Exercise description
Could you reproduce all of the following entries exactly?

-- Records supplied follows --

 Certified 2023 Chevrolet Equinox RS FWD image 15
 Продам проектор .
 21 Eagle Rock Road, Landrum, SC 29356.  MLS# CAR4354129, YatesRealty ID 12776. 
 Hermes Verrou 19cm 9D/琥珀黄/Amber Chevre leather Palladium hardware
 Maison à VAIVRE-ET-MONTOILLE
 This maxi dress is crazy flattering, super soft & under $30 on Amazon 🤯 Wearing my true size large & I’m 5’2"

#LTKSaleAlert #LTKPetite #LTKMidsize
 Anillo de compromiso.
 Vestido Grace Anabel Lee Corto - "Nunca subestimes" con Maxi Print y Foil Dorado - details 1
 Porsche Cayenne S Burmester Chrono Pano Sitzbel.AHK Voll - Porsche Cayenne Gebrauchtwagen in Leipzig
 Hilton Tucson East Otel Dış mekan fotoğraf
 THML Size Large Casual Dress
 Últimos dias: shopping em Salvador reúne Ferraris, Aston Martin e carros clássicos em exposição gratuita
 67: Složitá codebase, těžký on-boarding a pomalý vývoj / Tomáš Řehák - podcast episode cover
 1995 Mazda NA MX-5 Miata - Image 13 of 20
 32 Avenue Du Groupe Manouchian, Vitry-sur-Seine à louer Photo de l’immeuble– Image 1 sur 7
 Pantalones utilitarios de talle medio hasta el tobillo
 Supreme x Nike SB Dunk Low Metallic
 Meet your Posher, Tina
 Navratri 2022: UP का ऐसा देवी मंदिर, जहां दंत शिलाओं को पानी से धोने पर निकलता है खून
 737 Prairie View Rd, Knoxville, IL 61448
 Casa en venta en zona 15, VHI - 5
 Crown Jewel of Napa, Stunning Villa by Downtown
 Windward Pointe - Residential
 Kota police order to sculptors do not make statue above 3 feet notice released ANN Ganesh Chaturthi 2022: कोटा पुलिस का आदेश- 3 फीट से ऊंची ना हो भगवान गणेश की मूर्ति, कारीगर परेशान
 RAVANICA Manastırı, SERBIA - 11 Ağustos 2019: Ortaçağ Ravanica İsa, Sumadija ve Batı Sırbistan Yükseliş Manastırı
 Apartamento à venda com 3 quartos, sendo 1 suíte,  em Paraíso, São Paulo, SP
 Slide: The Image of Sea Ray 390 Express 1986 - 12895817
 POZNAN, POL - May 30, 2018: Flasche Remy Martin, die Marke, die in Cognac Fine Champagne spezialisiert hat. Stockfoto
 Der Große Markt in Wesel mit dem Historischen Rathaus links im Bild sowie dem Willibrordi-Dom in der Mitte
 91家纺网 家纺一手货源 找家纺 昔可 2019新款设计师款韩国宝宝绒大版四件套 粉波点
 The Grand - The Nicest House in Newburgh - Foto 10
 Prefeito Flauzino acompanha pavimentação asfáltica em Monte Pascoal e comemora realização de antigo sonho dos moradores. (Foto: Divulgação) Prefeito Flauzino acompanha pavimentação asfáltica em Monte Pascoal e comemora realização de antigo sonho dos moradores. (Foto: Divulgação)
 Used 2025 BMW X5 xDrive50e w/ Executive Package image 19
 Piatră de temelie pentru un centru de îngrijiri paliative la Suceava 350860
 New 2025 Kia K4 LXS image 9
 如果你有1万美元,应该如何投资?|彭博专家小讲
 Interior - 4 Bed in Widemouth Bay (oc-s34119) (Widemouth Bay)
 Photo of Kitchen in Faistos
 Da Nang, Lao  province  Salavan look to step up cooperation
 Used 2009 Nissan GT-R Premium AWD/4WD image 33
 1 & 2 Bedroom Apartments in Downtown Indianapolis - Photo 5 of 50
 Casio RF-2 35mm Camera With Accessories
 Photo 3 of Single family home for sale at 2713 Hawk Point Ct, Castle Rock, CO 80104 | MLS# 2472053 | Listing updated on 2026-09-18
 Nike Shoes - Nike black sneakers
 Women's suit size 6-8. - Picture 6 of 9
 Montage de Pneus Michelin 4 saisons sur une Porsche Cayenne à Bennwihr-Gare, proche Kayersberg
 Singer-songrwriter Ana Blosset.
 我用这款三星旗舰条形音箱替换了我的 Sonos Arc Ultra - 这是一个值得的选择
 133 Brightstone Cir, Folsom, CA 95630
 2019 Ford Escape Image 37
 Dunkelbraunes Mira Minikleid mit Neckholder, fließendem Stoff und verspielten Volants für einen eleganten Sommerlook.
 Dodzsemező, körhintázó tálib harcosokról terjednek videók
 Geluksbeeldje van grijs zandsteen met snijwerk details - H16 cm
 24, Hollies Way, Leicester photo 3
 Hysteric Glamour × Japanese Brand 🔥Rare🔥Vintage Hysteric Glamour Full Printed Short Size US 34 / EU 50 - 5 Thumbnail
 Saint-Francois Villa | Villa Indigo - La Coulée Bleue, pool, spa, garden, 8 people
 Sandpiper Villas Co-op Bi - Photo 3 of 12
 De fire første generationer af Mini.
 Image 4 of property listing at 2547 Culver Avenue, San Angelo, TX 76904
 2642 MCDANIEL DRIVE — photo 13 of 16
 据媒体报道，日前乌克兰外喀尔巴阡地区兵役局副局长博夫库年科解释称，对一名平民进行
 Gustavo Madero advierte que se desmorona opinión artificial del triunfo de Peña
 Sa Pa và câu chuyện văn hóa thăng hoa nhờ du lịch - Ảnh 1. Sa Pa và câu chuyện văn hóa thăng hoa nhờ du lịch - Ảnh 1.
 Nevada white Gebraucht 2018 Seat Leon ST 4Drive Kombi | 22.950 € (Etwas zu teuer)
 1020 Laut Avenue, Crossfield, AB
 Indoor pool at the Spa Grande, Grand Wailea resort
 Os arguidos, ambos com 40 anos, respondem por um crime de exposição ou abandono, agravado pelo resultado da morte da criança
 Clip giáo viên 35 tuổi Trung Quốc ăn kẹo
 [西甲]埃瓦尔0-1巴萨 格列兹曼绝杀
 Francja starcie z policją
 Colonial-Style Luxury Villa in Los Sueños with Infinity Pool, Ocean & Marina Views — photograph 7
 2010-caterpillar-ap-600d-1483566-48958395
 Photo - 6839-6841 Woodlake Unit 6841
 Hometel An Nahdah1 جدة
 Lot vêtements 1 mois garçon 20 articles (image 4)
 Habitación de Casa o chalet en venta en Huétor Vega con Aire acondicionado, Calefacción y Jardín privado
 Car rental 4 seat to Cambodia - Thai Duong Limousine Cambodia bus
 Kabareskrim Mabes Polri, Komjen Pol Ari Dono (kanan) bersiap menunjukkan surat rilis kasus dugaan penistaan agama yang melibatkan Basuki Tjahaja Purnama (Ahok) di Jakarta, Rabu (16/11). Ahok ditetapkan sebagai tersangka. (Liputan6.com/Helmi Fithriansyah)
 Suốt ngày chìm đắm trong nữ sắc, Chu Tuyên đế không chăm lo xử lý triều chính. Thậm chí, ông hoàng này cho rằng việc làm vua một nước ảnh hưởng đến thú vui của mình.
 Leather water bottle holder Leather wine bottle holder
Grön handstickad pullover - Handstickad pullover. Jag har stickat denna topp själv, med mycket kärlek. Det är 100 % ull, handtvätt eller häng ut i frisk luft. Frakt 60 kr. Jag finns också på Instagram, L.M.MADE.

-- Records supplied concluded --

Problem solution
 Certified 2023 Chevrolet Equinox RS FWD image 15
 Продам проектор .
 21 Eagle Rock Road, Landrum, SC 29356.  MLS# CAR4354129, YatesRealty ID 12776. 
 Hermes Verrou 19cm 9D/琥珀黄/Amber Chevre leather Palladium hardware
 Maison à VAIVRE-ET-MONTOILLE
 This maxi dress is crazy flattering, super soft & under $30 on Amazon 🤯 Wearing my true size large & I’m 5’2"

#LTKSaleAlert #LTKPetite #LTKMidsize
 Anillo de compromiso.
 Vestido Grace Anabel Lee Corto - "Nunca subestimes" con Maxi Print y Foil Dorado - details 1
 Porsche Cayenne S Burmester Chrono Pano Sitzbel.AHK Voll - Porsche Cayenne Gebrauchtwagen in Leipzig
 Hilton Tucson East Otel Dış mekan fotoğraf
 THML Size Large Casual Dress
 Últimos dias: shopping em Salvador reúne Ferraris, Aston Martin e carros clássicos em exposição gratuita
 67: Složitá codebase, těžký on-boarding a pomalý vývoj / Tomáš Řehák - podcast episode cover
 1995 Mazda NA MX-5 Miata - Image 13 of 20
 32 Avenue Du Groupe Manouchian, Vitry-sur-Seine à louer Photo de l’immeuble– Image 1 sur 7
 Pantalones utilitarios de talle medio hasta el tobillo
 Supreme x Nike SB Dunk Low Metallic
 Meet your Posher, Tina
 Navratri 2022: UP का ऐसा देवी मंदिर, जहां दंत शिलाओं को पानी से धोने पर निकलता है खून
 737 Prairie View Rd, Knoxville, IL 61448
 Casa en venta en zona 15, VHI - 5
 Crown Jewel of Napa, Stunning Villa by Downtown
 Windward Pointe - Residential
 Kota police order to sculptors do not make statue above 3 feet notice released ANN Ganesh Chaturthi 2022: कोटा पुलिस का आदेश- 3 फीट से ऊंची ना हो भगवान गणेश की मूर्ति, कारीगर परेशान
 RAVANICA Manastırı, SERBIA - 11 Ağustos 2019: Ortaçağ Ravanica İsa, Sumadija ve Batı Sırbistan Yükseliş Manastırı
 Apartamento à venda com 3 quartos, sendo 1 suíte,  em Paraíso, São Paulo, SP
 Slide: The Image of Sea Ray 390 Express 1986 - 12895817
 POZNAN, POL - May 30, 2018: Flasche Remy Martin, die Marke, die in Cognac Fine Champagne spezialisiert hat. Stockfoto
 Der Große Markt in Wesel mit dem Historischen Rathaus links im Bild sowie dem Willibrordi-Dom in der Mitte
 91家纺网 家纺一手货源 找家纺 昔可 2019新款设计师款韩国宝宝绒大版四件套 粉波点
 The Grand - The Nicest House in Newburgh - Foto 10
 Prefeito Flauzino acompanha pavimentação asfáltica em Monte Pascoal e comemora realização de antigo sonho dos moradores. (Foto: Divulgação) Prefeito Flauzino acompanha pavimentação asfáltica em Monte Pascoal e comemora realização de antigo sonho dos moradores. (Foto: Divulgação)
 Used 2025 BMW X5 xDrive50e w/ Executive Package image 19
 Piatră de temelie pentru un centru de îngrijiri paliative la Suceava 350860
 New 2025 Kia K4 LXS image 9
 如果你有1万美元,应该如何投资?|彭博专家小讲
 Interior - 4 Bed in Widemouth Bay (oc-s34119) (Widemouth Bay)
 Photo of Kitchen in Faistos
 Da Nang, Lao  province  Salavan look to step up cooperation
 Used 2009 Nissan GT-R Premium AWD/4WD image 33
 1 & 2 Bedroom Apartments in Downtown Indianapolis - Photo 5 of 50
 Casio RF-2 35mm Camera With Accessories
 Photo 3 of Single family home for sale at 2713 Hawk Point Ct, Castle Rock, CO 80104 | MLS# 2472053 | Listing updated on 2026-09-18
 Nike Shoes - Nike black sneakers
 Women's suit size 6-8. - Picture 6 of 9
 Montage de Pneus Michelin 4 saisons sur une Porsche Cayenne à Bennwihr-Gare, proche Kayersberg
 Singer-songrwriter Ana Blosset.
 我用这款三星旗舰条形音箱替换了我的 Sonos Arc Ultra - 这是一个值得的选择
 133 Brightstone Cir, Folsom, CA 95630
 2019 Ford Escape Image 37
 Dunkelbraunes Mira Minikleid mit Neckholder, fließendem Stoff und verspielten Volants für einen eleganten Sommerlook.
 Dodzsemező, körhintázó tálib harcosokról terjednek videók
 Geluksbeeldje van grijs zandsteen met snijwerk details - H16 cm
 24, Hollies Way, Leicester photo 3
 Hysteric Glamour × Japanese Brand 🔥Rare🔥Vintage Hysteric Glamour Full Printed Short Size US 34 / EU 50 - 5 Thumbnail
 Saint-Francois Villa | Villa Indigo - La Coulée Bleue, pool, spa, garden, 8 people
 Sandpiper Villas Co-op Bi - Photo 3 of 12
 De fire første generationer af Mini.
 Image 4 of property listing at 2547 Culver Avenue, San Angelo, TX 76904
 2642 MCDANIEL DRIVE — photo 13 of 16
 据媒体报道，日前乌克兰外喀尔巴阡地区兵役局副局长博夫库年科解释称，对一名平民进行
 Gustavo Madero advierte que se desmorona opinión artificial del triunfo de Peña
 Sa Pa và câu chuyện văn hóa thăng hoa nhờ du lịch - Ảnh 1. Sa Pa và câu chuyện văn hóa thăng hoa nhờ du lịch - Ảnh 1.
 Nevada white Gebraucht 2018 Seat Leon ST 4Drive Kombi | 22.950 € (Etwas zu teuer)
 1020 Laut Avenue, Crossfield, AB
 Indoor pool at the Spa Grande, Grand Wailea resort
 Os arguidos, ambos com 40 anos, respondem por um crime de exposição ou abandono, agravado pelo resultado da morte da criança
 Clip giáo viên 35 tuổi Trung Quốc ăn kẹo
 [西甲]埃瓦尔0-1巴萨 格列兹曼绝杀
 Francja starcie z policją
 Colonial-Style Luxury Villa in Los Sueños with Infinity Pool, Ocean & Marina Views — photograph 7
 2010-caterpillar-ap-600d-1483566-48958395
 Photo - 6839-6841 Woodlake Unit 6841
 Hometel An Nahdah1 جدة
 Lot vêtements 1 mois garçon 20 articles (image 4)
 Habitación de Casa o chalet en venta en Huétor Vega con Aire acondicionado, Calefacción y Jardín privado
 Car rental 4 seat to Cambodia - Thai Duong Limousine Cambodia bus
 Kabareskrim Mabes Polri, Komjen Pol Ari Dono (kanan) bersiap menunjukkan surat rilis kasus dugaan penistaan agama yang melibatkan Basuki Tjahaja Purnama (Ahok) di Jakarta, Rabu (16/11). Ahok ditetapkan sebagai tersangka. (Liputan6.com/Helmi Fithriansyah)
 Suốt ngày chìm đắm trong nữ sắc, Chu Tuyên đế không chăm lo xử lý triều chính. Thậm chí, ông hoàng này cho rằng việc làm vua một nước ảnh hưởng đến thú vui của mình.
 Leather water bottle holder Leather wine bottle holder
Grön handstickad pullover - Handstickad pullover. Jag har stickat denna topp själv, med mycket kärlek. Det är 100 % ull, handtvätt eller häng ut i frisk luft. Frakt 60 kr. Jag finns också på Instagram, L.M.MADE.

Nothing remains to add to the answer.